WHAT YOU ARE ASKED TO DO: For the records below, output each line exactly as it appears, from the first through the line with "Engino STEM MECHANICS".

MATERIALS PROVIDED:
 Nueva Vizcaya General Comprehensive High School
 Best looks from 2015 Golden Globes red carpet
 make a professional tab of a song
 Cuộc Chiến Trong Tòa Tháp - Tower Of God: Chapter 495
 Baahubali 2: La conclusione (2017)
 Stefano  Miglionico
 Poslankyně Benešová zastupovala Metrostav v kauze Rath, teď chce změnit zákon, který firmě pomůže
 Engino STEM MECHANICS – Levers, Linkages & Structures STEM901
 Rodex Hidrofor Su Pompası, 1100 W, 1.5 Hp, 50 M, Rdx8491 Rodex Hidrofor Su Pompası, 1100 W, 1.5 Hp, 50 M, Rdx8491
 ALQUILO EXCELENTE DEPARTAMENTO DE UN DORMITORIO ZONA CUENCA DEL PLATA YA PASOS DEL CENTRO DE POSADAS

SOLUTION TO THIS PROBLEM:
 Nueva Vizcaya General Comprehensive High School
 Best looks from 2015 Golden Globes red carpet
 make a professional tab of a song
 Cuộc Chiến Trong Tòa Tháp - Tower Of God: Chapter 495
 Baahubali 2: La conclusione (2017)
 Stefano  Miglionico
 Poslankyně Benešová zastupovala Metrostav v kauze Rath, teď chce změnit zákon, který firmě pomůže
 Engino STEM MECHANICS – Levers, Linkages & Structures STEM901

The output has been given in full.